RECORD SET =
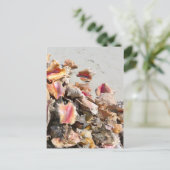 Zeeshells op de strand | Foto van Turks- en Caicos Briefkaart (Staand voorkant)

==

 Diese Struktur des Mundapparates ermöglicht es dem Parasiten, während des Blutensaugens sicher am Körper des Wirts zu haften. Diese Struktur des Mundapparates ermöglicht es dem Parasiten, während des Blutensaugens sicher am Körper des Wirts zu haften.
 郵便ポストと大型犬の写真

WORK INSTRUCTIONS = Give an exact copy of the lines above from the line with "zu haften. Diese" up to and including the line with "郵便ポストと大型犬の写真", and leave everything else out.

ANSWER SPACE =
 Diese Struktur des Mundapparates ermöglicht es dem Parasiten, während des Blutensaugens sicher am Körper des Wirts zu haften. Diese Struktur des Mundapparates ermöglicht es dem Parasiten, während des Blutensaugens sicher am Körper des Wirts zu haften.
 郵便ポストと大型犬の写真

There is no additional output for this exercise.